__Extracted records__
Segment Open

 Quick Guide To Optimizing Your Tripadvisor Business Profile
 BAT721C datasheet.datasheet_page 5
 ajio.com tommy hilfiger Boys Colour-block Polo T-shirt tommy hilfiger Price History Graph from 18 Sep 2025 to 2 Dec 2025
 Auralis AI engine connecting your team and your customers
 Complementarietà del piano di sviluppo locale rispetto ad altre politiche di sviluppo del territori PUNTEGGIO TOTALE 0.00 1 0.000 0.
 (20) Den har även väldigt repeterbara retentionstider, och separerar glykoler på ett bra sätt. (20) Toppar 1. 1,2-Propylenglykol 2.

Segment Closed
Segment Open

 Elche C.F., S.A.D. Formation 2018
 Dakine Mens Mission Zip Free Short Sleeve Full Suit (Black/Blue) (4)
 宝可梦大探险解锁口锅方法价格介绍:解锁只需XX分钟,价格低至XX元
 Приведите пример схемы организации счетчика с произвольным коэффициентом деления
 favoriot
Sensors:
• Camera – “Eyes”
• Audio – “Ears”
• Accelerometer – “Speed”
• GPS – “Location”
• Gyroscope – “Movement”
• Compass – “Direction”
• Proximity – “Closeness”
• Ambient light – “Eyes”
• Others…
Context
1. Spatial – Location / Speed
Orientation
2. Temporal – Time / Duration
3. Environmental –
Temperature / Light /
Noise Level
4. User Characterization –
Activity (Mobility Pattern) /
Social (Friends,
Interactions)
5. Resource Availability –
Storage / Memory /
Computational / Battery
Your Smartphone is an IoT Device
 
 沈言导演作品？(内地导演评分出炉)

Segment Closed

__Exercise goal__
Among the entries above, find the line with "Quick Guide To" and the line with "Auralis AI engine"; give again exactly these two lines and all lines between them.

__Solution__
 Quick Guide To Optimizing Your Tripadvisor Business Profile
 BAT721C datasheet.datasheet_page 5
 ajio.com tommy hilfiger Boys Colour-block Polo T-shirt tommy hilfiger Price History Graph from 18 Sep 2025 to 2 Dec 2025
 Auralis AI engine connecting your team and your customers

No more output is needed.